The esx host still answers on pings and offers a login at the console. If you enter login data the esx host does not respond with a new screen. The vm's running on that host do sometimes still respond to pings. HA does not recognize the situation since the esx host responds to pings. The only thing we can do is to powetr off the server and reboot.
Does anyone else had that problem. We had the issue on 2 different hosts (DL380 and DL580).
We found, that the console does not get enough cpu. Although overall cpu usage at the esx was under 30%, the service console answer times were very bad on a new server and a new freeze was expected shortly.
We could solve the problem by rising cpu reservation for console up to 500 MHz. At the moment server look good. doublecross our fingers and hope VMware finds the reason.

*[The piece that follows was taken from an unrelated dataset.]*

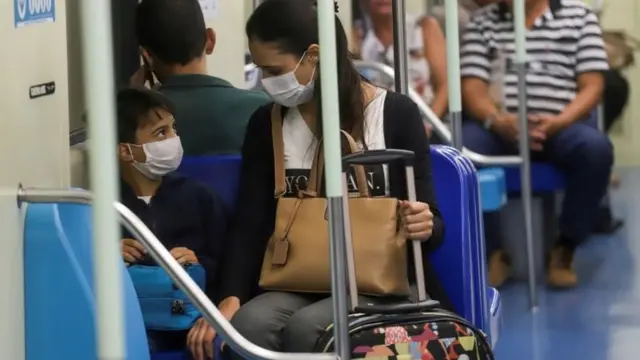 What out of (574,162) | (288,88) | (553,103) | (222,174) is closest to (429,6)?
(553,103)

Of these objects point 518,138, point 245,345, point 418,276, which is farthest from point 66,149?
point 518,138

I've seen this same issue on HP BL460c systems using HP ESXi 3.5 U4 on USB drives. Are you using USB drives or SAS/SCSI drives? I suspected the USB drives still being faulty despite being replaced by HP. Looking at the performance data, the server seems to be OK with the current reservations; however, I'm going to increase them a bit to see what happens.

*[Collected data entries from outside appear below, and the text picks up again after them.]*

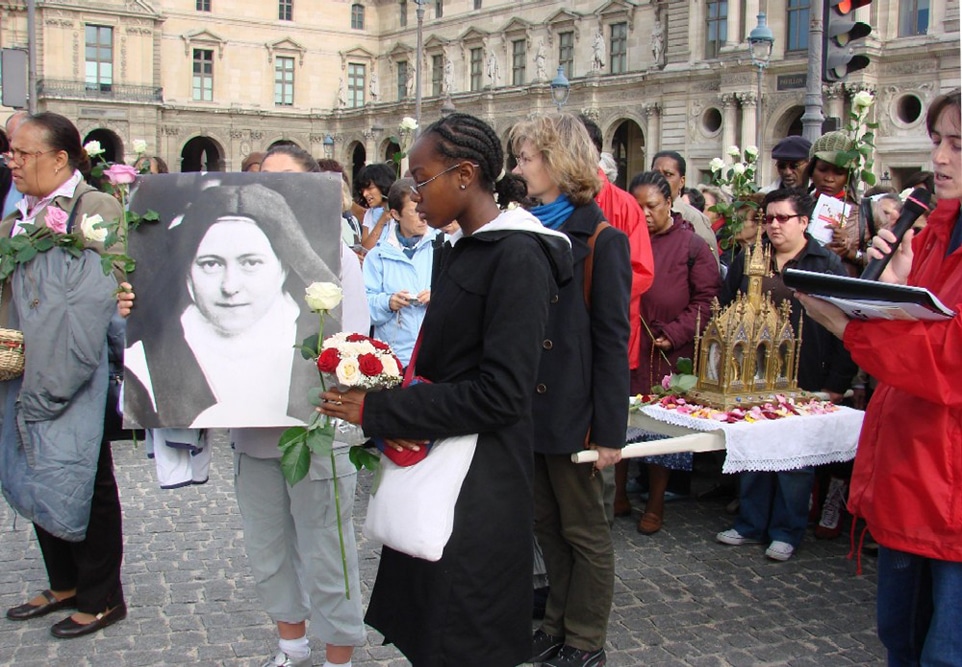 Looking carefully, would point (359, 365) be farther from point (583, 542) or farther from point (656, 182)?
point (656, 182)

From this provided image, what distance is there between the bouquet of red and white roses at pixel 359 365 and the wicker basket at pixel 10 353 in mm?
1914

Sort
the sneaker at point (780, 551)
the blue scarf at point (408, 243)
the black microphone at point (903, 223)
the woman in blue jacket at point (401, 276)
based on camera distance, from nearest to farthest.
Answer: the black microphone at point (903, 223) < the sneaker at point (780, 551) < the woman in blue jacket at point (401, 276) < the blue scarf at point (408, 243)

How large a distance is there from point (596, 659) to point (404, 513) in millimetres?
1741

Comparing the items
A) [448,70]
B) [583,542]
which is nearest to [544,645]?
[583,542]

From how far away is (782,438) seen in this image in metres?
4.84

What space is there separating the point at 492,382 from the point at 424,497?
361 mm

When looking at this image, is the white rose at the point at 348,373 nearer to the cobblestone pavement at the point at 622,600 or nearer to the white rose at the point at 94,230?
the white rose at the point at 94,230

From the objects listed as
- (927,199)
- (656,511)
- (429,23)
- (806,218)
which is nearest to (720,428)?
(656,511)

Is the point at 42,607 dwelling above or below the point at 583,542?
below

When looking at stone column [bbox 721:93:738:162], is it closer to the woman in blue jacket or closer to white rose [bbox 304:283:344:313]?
the woman in blue jacket

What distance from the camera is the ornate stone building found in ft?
96.4

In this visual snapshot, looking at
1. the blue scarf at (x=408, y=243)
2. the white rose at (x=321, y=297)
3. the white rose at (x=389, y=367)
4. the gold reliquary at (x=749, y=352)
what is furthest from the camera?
the blue scarf at (x=408, y=243)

As for the console, login to the F2 Yellow/Black screen freezes; however, I can use ALT+F1 and get into unsupported mode and work with the hypervisor without issue. Typically, the VM guests go down, the host is disconnected from vCenter, yet the host is pingable and somewhat usable via the CLI.
We were able to regain stability by rebuilding our VMware ESXi hosts with the 3.5.0 U4 image directly from HP: . Thereafter, we applied the 10-Apr and 29-Apri patches via VMware Update Manager. We also moved to SAS drives rather than USB drives. Finally, at this time our VMware ESXi environment is not monitored by HP SIM—it was suspected that HP SIM was faulting the ESXi kernel when communicating with the host agents. We'll be adding the environment back to HP SIM after each host is rebuilt. I'll be certain to post any other details when the become available.
Additionally, we received an indication from VMware support today that these errors and quite possibly the instability are due to an issue with CIM. VMware provided steps to disable CIM and thus far the errors have not returned. We'll continue to monitor the stability on the BL460c G1's.